What the exercise asks:
Copy, word for word, the line containing "Welcome to this" and each line that follows it in the entries below; pictures do not belong in the copy.

Dataset extract:
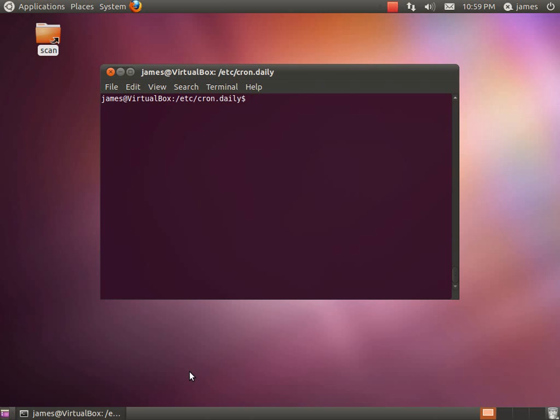With cron you can actually specify for a particular job to run every minute, every hour, on the first and second day of the week and so forth. That's beyond the scope of this video but that will be something that I will cover in the future. But just for today we're going to be popping a script into our cron.daily directory which is in /etc.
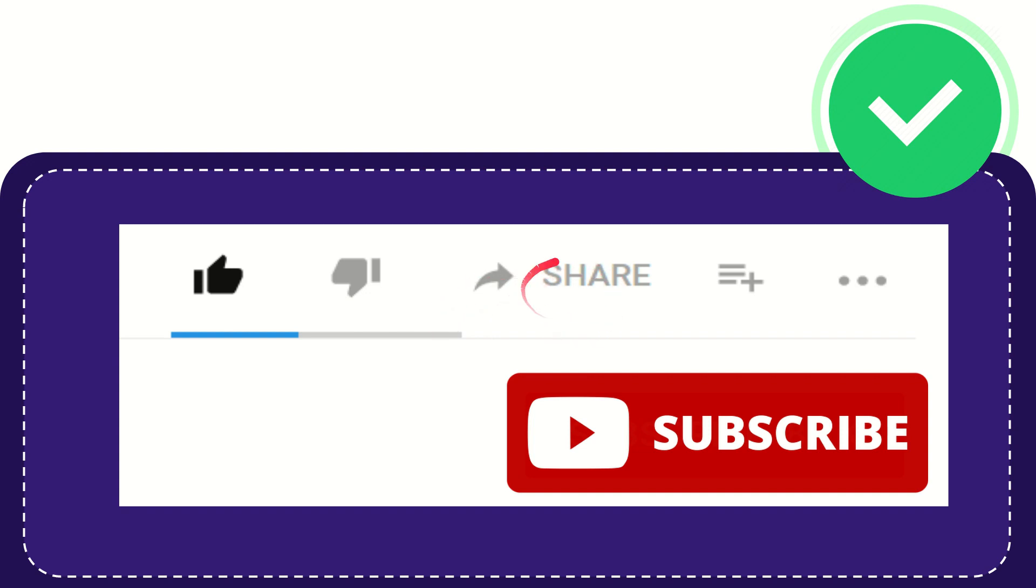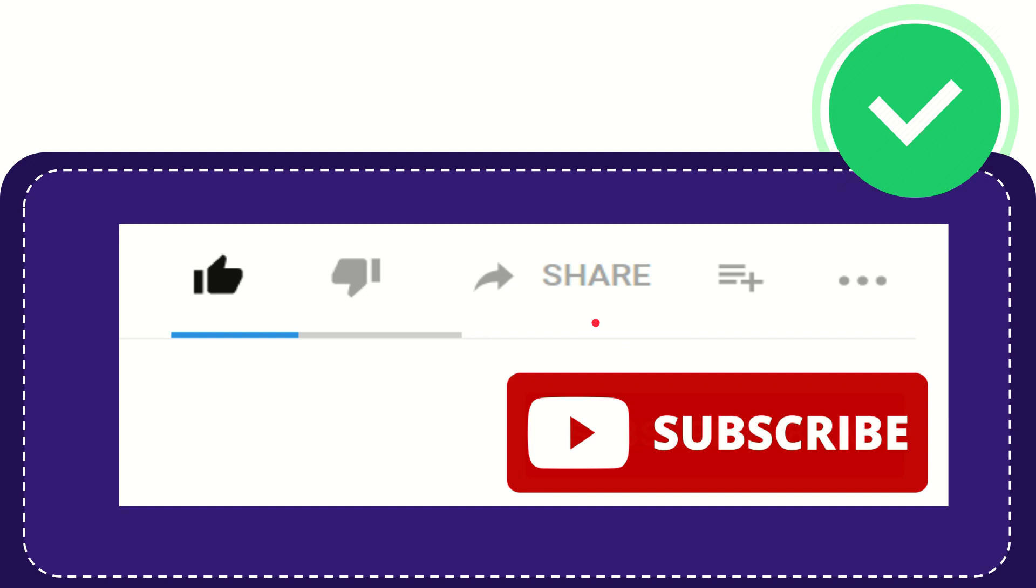If you want to share this video with your friend, you can share it by clicking this share button. You can share it to any social media that you wish, like Facebook, Twitter, LinkedIn, and many others.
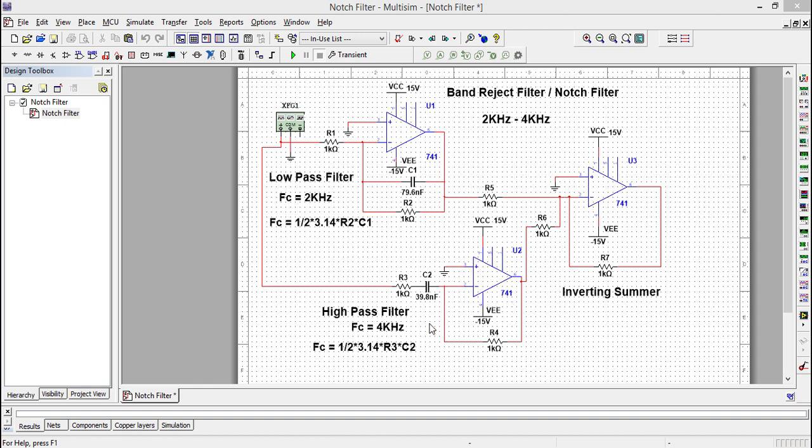Ideally speaking, the low pass filter will pass all frequencies from 0 to 2 kilohertz, and the high pass filter will pass all frequencies from 4 kilohertz to infinity.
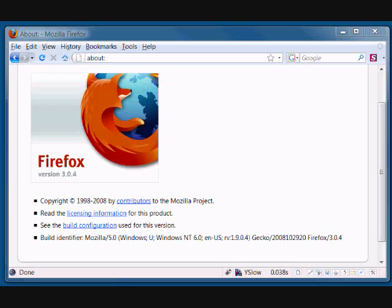Welcome to ZeroCostSoftware.com video demonstration. I am Kabir. In this short video, I would like to highlight the reasons why we recommend Firefox browser over Internet Explorer, or IE.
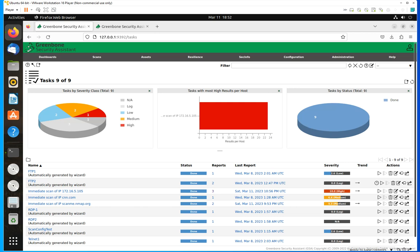Welcome to this new video. This time I am going to continue going over the GreenBond OpenVAS Administration Console, and this time I want to talk to you about the scan tab.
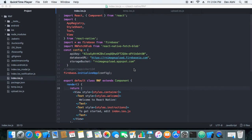Hi everyone, welcome to the fourth and final part of the tutorial on uploading and cropping images using React Native and Firebase. In this part we will be coding our image uploader and cropper, so let's start.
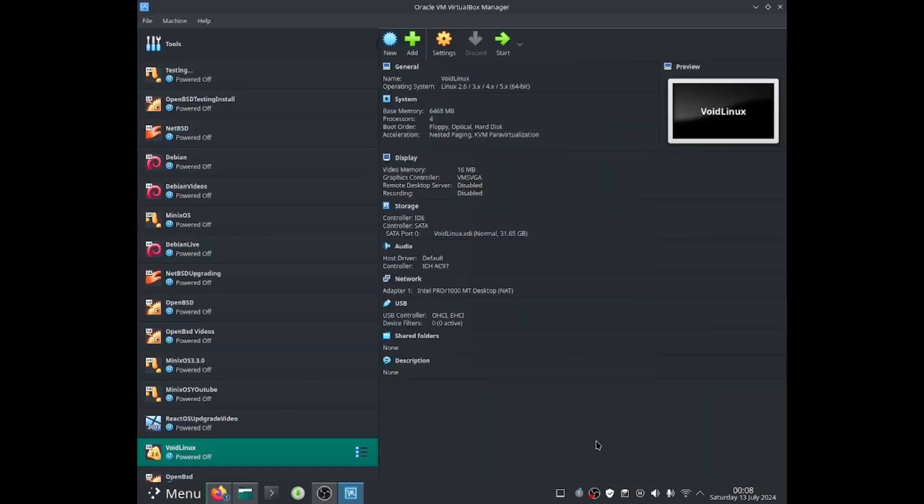So I basically have finished downloading the ISO image. I will now go ahead and create a new virtual machine. You guys can install it to hardware if you wanted to by using a USB stick, but in this video I'm going to be installing it to VirtualBox. So I'm going to create a new virtual machine.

Your response:
Welcome to this new video. This time I am going to continue going over the GreenBond OpenVAS Administration Console, and this time I want to talk to you about the scan tab.
Hi everyone, welcome to the fourth and final part of the tutorial on uploading and cropping images using React Native and Firebase. In this part we will be coding our image uploader and cropper, so let's start.
So I basically have finished downloading the ISO image. I will now go ahead and create a new virtual machine. You guys can install it to hardware if you wanted to by using a USB stick, but in this video I'm going to be installing it to VirtualBox. So I'm going to create a new virtual machine.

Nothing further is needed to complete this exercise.